Huang Jie, Zhu Fukang
School of Mathematics, Jilin University, 2699 Qianjin Street, Changchun 130012, China.
Entropy (Basel). 2021 Jun 4;23(6):713. doi: 10.3390/e23060713.
A Poisson distribution is commonly used as the innovation distribution for integer-valued autoregressive models, but its mean is equal to its variance, which limits flexibility, so a flexible, one-parameter, infinitely divisible Bell distribution may be a good alternative. In addition, for a parameter with a small value, the Bell distribution approaches the Poisson distribution. In this paper, we introduce a new first-order, non-negative, integer-valued autoregressive model with Bell innovations based on the binomial thinning operator. Compared with other models, the new model is not only simple but also particularly suitable for time series of counts exhibiting overdispersion.
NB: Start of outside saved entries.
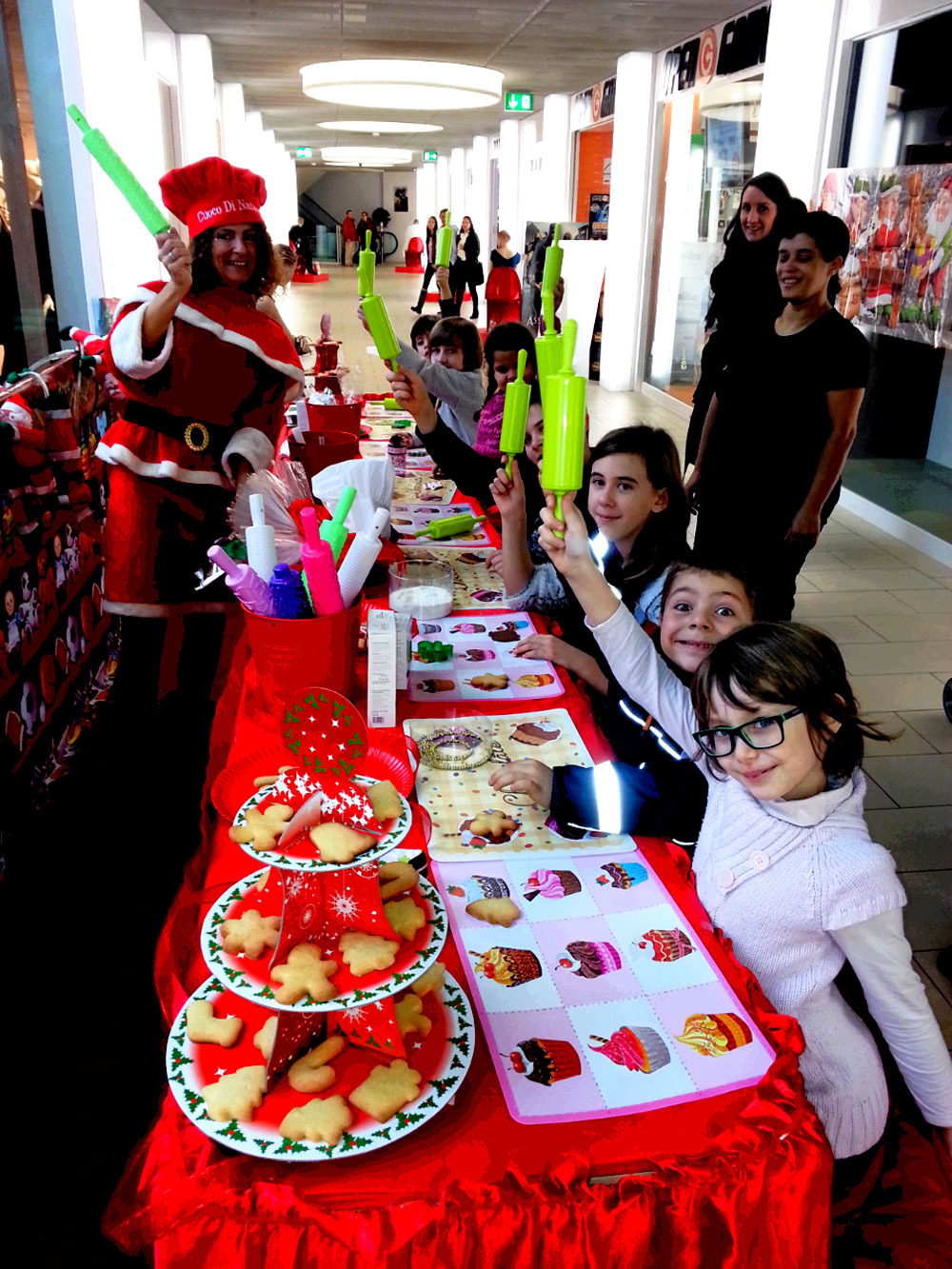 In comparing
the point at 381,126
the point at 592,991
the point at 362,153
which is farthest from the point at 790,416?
the point at 362,153

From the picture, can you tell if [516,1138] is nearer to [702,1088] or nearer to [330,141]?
[702,1088]

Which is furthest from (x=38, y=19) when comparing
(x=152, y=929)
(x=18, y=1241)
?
(x=18, y=1241)

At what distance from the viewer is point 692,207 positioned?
27.1 ft

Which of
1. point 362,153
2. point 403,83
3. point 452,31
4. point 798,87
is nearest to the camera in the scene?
point 798,87

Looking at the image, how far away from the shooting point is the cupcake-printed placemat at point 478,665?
5.70 ft

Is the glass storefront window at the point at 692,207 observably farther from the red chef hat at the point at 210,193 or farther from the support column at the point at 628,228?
the red chef hat at the point at 210,193

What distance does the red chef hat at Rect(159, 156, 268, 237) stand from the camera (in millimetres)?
2141

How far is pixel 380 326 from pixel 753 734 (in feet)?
3.81

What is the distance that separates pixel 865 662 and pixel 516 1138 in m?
3.13

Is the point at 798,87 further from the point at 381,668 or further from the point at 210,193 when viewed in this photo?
the point at 381,668

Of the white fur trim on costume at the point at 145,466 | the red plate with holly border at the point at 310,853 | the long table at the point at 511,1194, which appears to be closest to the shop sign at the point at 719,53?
the white fur trim on costume at the point at 145,466

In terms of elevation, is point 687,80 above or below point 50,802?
above

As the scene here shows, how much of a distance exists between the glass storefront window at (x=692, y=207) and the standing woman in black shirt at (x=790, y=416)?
4.26 metres

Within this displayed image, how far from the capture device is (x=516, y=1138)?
90cm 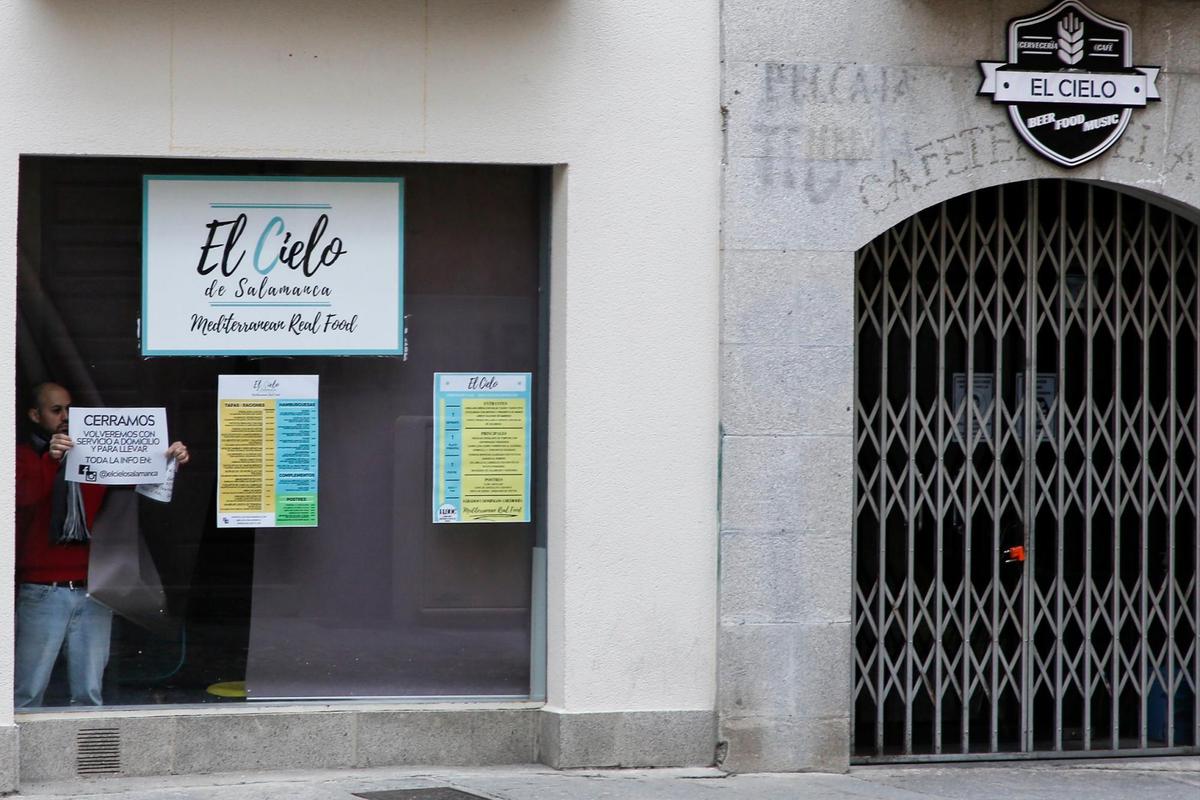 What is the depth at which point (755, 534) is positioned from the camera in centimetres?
870

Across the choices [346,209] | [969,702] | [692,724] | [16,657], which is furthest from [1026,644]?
[16,657]

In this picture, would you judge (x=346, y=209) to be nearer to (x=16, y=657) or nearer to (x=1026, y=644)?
(x=16, y=657)

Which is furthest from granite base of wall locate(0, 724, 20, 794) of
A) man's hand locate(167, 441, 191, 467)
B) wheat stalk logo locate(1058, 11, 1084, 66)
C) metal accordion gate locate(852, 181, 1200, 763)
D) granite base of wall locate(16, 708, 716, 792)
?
wheat stalk logo locate(1058, 11, 1084, 66)

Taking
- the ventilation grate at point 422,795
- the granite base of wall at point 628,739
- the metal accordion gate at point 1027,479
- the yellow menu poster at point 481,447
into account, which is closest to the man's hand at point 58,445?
the yellow menu poster at point 481,447

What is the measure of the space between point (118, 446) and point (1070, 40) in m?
5.63

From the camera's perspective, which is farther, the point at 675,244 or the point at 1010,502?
the point at 1010,502

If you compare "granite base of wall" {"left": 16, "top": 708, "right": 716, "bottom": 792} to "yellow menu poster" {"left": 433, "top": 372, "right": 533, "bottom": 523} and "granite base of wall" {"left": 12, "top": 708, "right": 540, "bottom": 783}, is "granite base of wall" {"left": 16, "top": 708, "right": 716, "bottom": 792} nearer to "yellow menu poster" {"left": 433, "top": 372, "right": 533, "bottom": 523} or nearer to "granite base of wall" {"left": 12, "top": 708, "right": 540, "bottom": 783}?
"granite base of wall" {"left": 12, "top": 708, "right": 540, "bottom": 783}

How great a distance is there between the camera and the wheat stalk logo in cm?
889

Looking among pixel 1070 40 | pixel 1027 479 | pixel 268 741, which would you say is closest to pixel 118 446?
pixel 268 741

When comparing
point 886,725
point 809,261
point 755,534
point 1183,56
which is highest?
point 1183,56

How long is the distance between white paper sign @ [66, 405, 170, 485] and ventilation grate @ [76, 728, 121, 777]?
1295 millimetres

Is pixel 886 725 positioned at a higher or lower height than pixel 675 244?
lower

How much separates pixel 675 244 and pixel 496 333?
3.64 feet

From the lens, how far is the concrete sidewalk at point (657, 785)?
8.00 meters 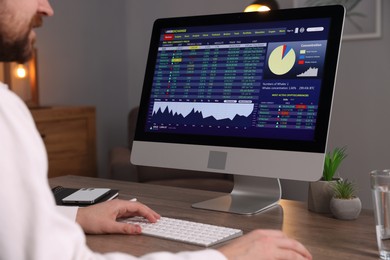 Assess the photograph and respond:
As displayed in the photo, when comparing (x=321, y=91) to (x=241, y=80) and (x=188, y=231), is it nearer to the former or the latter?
(x=241, y=80)

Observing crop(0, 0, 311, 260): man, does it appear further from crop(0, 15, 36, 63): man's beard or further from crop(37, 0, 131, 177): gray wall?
crop(37, 0, 131, 177): gray wall

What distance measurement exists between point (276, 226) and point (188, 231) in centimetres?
23

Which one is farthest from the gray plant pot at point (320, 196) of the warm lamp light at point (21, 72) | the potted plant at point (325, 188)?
the warm lamp light at point (21, 72)

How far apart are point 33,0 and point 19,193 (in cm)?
40

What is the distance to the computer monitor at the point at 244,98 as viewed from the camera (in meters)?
1.52

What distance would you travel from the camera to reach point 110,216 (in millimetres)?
1393

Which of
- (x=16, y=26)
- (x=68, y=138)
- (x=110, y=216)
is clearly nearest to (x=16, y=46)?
(x=16, y=26)

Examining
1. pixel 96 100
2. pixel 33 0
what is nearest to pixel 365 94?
pixel 96 100

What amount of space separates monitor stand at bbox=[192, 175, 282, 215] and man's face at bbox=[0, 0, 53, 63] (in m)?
0.72

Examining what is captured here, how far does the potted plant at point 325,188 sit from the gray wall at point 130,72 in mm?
2177

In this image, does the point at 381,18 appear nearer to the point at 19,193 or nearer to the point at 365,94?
the point at 365,94

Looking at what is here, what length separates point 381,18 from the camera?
3.55m

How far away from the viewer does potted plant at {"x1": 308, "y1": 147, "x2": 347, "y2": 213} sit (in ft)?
5.06

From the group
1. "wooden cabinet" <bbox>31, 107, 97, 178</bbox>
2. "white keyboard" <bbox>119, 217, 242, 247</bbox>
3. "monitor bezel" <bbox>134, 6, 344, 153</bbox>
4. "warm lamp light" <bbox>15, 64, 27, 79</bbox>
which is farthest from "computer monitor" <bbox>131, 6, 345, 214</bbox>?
"warm lamp light" <bbox>15, 64, 27, 79</bbox> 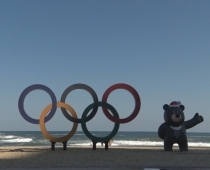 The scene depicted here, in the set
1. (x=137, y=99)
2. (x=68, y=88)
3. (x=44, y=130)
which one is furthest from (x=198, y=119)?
(x=44, y=130)

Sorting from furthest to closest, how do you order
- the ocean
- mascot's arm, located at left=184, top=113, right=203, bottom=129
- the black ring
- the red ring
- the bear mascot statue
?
the ocean
the black ring
the red ring
mascot's arm, located at left=184, top=113, right=203, bottom=129
the bear mascot statue

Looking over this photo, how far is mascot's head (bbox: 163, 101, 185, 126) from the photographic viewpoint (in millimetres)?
13734

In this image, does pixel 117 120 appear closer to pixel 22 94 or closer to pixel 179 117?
pixel 179 117

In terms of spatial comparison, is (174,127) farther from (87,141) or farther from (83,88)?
(87,141)

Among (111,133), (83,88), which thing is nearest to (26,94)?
(83,88)

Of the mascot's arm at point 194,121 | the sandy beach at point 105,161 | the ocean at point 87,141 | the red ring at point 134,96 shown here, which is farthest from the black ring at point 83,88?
the ocean at point 87,141

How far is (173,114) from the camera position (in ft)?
45.1

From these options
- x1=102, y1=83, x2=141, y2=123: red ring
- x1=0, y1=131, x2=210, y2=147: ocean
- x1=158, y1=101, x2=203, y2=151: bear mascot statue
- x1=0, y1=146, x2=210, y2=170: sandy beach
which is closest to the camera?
x1=0, y1=146, x2=210, y2=170: sandy beach

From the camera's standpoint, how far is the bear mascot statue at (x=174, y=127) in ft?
45.0

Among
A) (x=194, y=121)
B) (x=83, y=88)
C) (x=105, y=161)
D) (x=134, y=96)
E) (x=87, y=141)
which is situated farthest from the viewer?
(x=87, y=141)

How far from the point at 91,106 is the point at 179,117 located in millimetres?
4140

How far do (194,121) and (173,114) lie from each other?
145 centimetres

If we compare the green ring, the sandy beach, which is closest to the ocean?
the green ring

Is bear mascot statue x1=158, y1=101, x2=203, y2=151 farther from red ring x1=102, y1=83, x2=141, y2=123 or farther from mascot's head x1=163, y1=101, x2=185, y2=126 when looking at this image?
red ring x1=102, y1=83, x2=141, y2=123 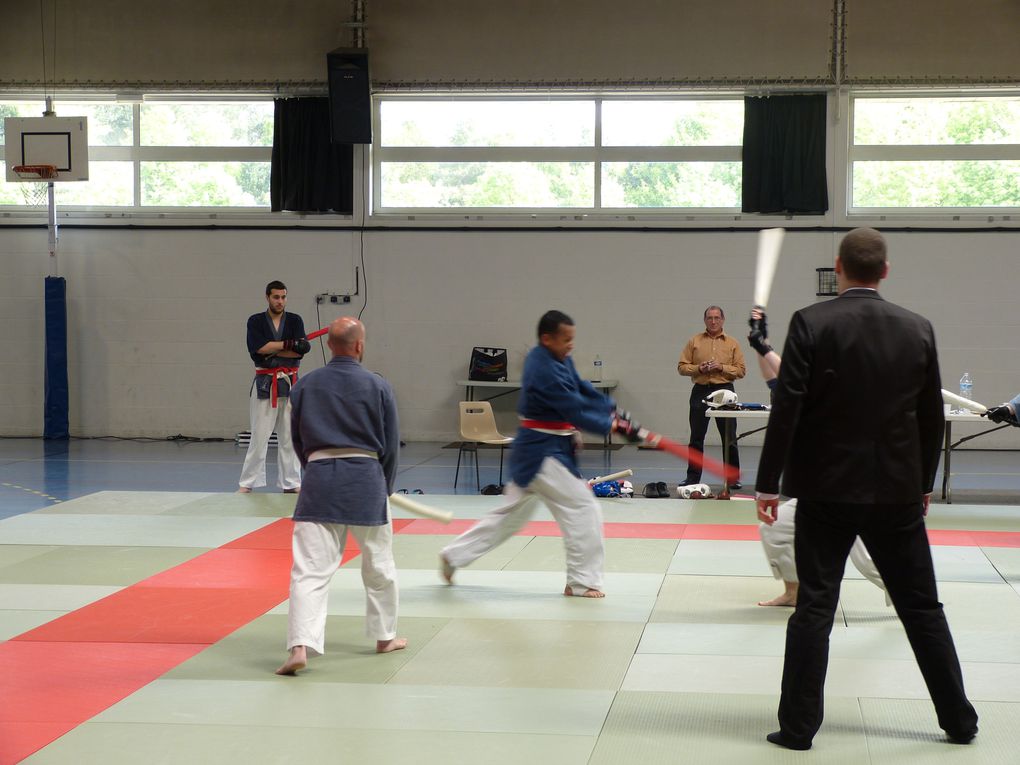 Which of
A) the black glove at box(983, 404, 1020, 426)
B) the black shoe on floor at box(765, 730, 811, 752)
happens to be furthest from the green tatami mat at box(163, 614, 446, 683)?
the black glove at box(983, 404, 1020, 426)

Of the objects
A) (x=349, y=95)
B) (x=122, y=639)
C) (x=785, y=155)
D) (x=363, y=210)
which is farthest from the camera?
(x=363, y=210)

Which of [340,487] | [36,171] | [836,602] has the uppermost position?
[36,171]

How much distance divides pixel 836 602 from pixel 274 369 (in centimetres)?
680

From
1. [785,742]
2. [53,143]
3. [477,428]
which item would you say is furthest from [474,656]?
[53,143]

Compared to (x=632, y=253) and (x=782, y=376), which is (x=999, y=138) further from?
(x=782, y=376)

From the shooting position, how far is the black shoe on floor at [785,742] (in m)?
3.57

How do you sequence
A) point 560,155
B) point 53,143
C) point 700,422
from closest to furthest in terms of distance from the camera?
point 700,422 < point 53,143 < point 560,155

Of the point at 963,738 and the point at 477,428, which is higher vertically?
the point at 477,428

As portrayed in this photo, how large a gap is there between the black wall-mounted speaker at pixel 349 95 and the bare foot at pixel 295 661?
10204 mm

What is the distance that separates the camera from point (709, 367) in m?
10.5

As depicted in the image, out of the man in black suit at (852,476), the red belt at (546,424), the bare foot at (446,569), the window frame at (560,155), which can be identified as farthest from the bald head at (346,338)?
the window frame at (560,155)

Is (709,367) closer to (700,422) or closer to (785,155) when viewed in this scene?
(700,422)

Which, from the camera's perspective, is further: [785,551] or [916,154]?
[916,154]

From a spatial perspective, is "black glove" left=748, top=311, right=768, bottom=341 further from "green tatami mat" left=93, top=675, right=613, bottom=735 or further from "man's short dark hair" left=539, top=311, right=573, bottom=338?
"man's short dark hair" left=539, top=311, right=573, bottom=338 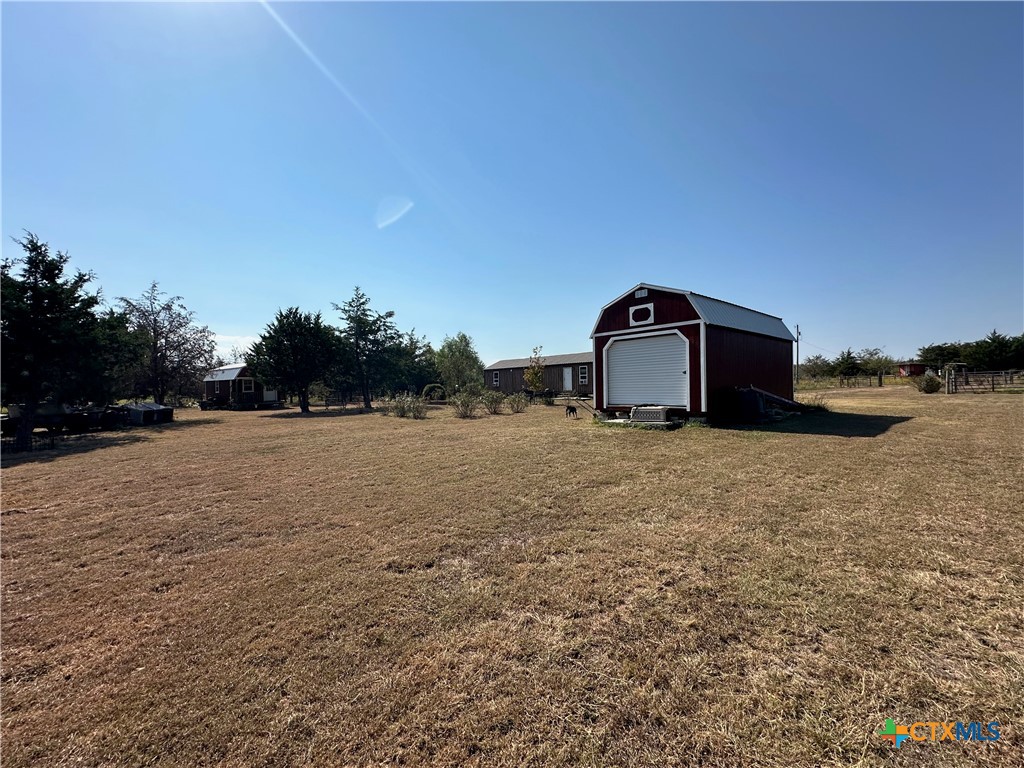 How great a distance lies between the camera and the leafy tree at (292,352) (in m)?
25.3

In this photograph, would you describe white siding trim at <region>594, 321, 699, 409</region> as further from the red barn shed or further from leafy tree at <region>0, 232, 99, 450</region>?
leafy tree at <region>0, 232, 99, 450</region>

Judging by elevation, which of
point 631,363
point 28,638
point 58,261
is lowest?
point 28,638

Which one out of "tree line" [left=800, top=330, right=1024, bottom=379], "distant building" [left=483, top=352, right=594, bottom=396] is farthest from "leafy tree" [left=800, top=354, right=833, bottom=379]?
"distant building" [left=483, top=352, right=594, bottom=396]

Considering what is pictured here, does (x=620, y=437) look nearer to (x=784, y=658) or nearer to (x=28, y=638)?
(x=784, y=658)

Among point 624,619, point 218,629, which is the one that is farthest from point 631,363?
point 218,629

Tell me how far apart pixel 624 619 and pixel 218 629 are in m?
2.70

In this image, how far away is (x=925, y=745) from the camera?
6.00ft

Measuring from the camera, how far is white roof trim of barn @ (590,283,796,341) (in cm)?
1259

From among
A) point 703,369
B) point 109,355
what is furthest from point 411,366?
point 703,369

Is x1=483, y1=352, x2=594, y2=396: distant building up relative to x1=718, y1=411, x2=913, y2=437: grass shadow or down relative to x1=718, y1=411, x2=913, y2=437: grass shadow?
up

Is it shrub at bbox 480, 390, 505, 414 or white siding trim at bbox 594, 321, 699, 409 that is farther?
shrub at bbox 480, 390, 505, 414

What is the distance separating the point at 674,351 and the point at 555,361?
2218 centimetres

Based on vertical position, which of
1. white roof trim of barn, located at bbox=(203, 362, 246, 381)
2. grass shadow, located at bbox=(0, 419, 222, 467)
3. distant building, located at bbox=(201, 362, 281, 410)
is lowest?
grass shadow, located at bbox=(0, 419, 222, 467)

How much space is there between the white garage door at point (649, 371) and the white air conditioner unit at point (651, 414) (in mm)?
609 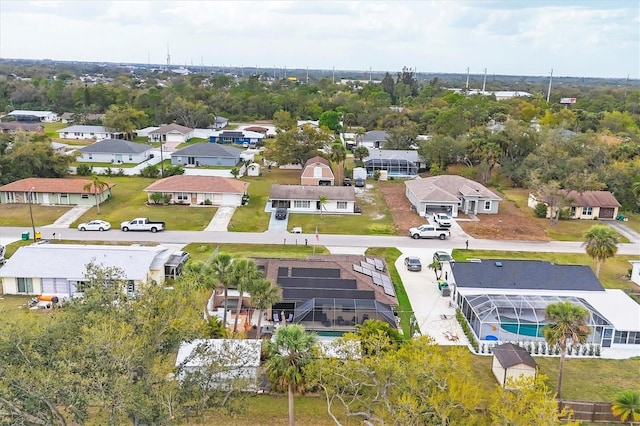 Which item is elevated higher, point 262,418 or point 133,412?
point 133,412

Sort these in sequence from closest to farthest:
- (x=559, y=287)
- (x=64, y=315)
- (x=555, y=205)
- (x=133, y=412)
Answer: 1. (x=133, y=412)
2. (x=64, y=315)
3. (x=559, y=287)
4. (x=555, y=205)

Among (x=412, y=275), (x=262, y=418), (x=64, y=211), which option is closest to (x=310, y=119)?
(x=64, y=211)

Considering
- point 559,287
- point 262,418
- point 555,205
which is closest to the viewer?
point 262,418

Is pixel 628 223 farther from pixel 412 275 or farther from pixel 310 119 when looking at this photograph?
pixel 310 119

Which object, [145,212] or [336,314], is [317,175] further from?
[336,314]

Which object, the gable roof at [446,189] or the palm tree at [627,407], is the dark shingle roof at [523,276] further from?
the gable roof at [446,189]

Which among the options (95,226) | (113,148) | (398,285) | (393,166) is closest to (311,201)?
(398,285)

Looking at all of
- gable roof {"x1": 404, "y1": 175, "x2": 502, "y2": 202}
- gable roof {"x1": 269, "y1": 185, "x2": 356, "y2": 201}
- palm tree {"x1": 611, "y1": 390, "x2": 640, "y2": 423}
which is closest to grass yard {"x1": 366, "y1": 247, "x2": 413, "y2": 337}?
palm tree {"x1": 611, "y1": 390, "x2": 640, "y2": 423}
Some properties of the model are established here, such as the mean, variance, joint distribution functions, and multi-step-ahead conditional measures. Conditional least squares, Yule-Walker, and conditional maximum likelihood are used for estimating the parameters. Some simulation results are presented to access these estimates' performances. Real data examples are provided.
泊松分布通常用作整数值自回归模型的创新分布,但其均值等于方差,这限制了灵活性,因此灵活的单参数无限可分贝分布可能是一个很好的替代方案。此外,对于较小值的参数,贝分布接近泊松分布。在本文中,我们基于二项式稀疏算子引入了一种新的一阶非负整数值自回归模型,该模型具有贝创新。与其他模型相比,新模型不仅简单,而且特别适用于呈现过度分散的计数时间序列。这里建立了模型的一些性质,如均值、方差、联合分布函数和多步超前条件测度。使用条件最小二乘法、尤尔-沃克法和条件最大似然法来估计参数。给出了一些模拟结果以评估这些估计的性能。提供了实际数据示例。